A “mission” statement has a unique ability to focus the efforts of every employee in the company if and only if it is designed well and is implemented with a singular focus that places it above all the daily firefights at the company. Doing “good” in the typical employee’s day is insufficient for the firm to truly set itself apart from the rest of its competitors. What one employee believes is “good” may exactly counter the efforts of another employee’s interpretation of “good”. On even a small scale, this creates a situation where everyone is working extremely hard and yet the organization seems to achieve only average returns.

The Importance of Direction

An organization of people exists to accomplish what the individual cannot accomplish alone. The most pressing issue that develops as the organization grows is one of coordination. As was pointed out many years ago by Henry Mintzberg in his definitive book on structuring organizations, the issue of coordination is the continual struggle to get employee effort focused on the unique mission of the organization.

Once you have figured out what constitutes the competitive advantages for the organization, the implementation of that strategy (the competitive advantages) logically begins with a useful, focused mission (grounded in those advantages) that every individual in the company can use to make decisions.
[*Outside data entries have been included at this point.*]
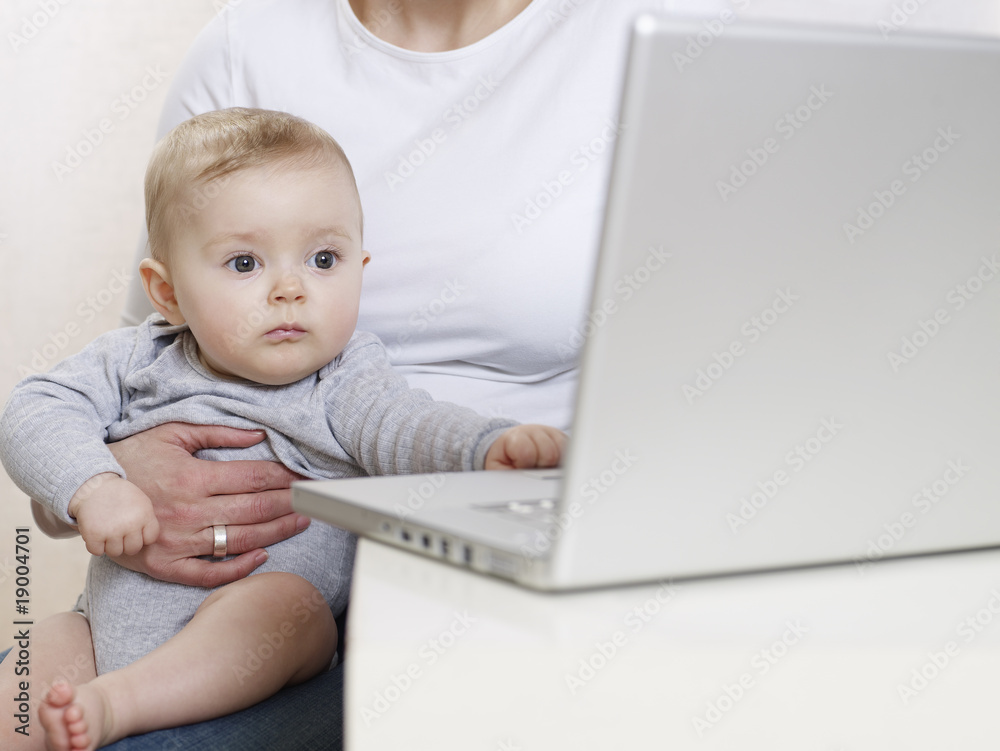 mutter am arbeiten mutter am arbeiten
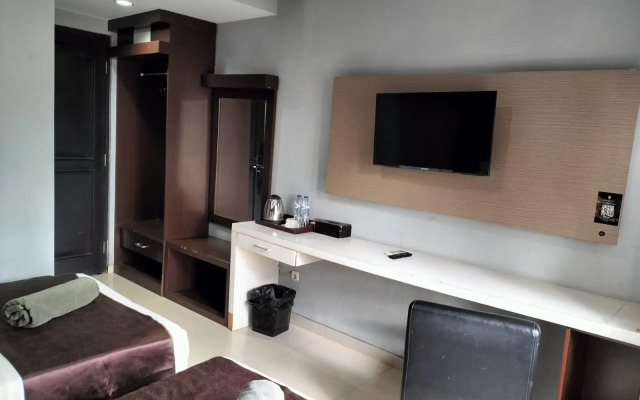 Rizen Premiere Hotel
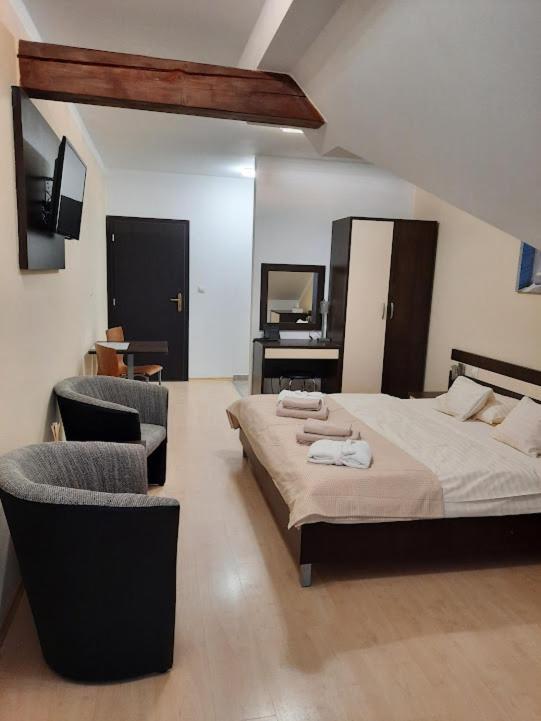 Apartman Sienna Bešeňová Esterno foto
Well trained, motivated employees absent an effective unifying mission will head in the direction that “they” believe is the best for the company. This may or may not align with the focus of the top management team.

A Naval Ship vs. A Corporation

My father was a Navy ship commander in the Second World War. Once he received his orders, the entire crew was put to the task of attaining success in the mission. He depended upon each crew member being an expert in their particular task and yet he also depended upon all of them working together to accomplish the mission that he laid before them.

Imagine if you will the typical corporate scenario at play aboard this naval war ship. We don’t know exactly where we’re going, but we want to be very efficient. We hire good people and tell them to “do good”. Each area of the ship is concerned only with improving their own operations and arguing in meetings that their needs are supreme. Each area of the ship receives award after award for their outstanding performance, but the ship wanders the seas.

In a long history of looking at Mission Statements, researchers and practitioners have almost universally acknowledged the value of a singular mission as a driving force for companies and yet have been inconsistent in advising what a great mission statement might look like.

The culmination of all the studies completed in this area, along with almost 20 years of assisting companies design effective mission statements has led me to the development of a 5-point approach to creating an effective mission statement. These five points should drive the “art” of designing a quality statement.

The Five Keys to Designing a Mission Statement

  1. Short – Does it fit on a coffee mug?

  2. Simple – Something that everyone in the company can learn and understand.

  3. Directional - Guides every individual in the company every day.

  4. Actionable - Tells everyone exactly what the company does and what it does not do.

  5. Measurable - Must be able to develop a metric for every part of the statement.

 

Remember: It is not that the cats are doing anything inherently wrong, they are just being cats and they will not get to any “end” as a group unless they are given a goal, a reason, and a reward.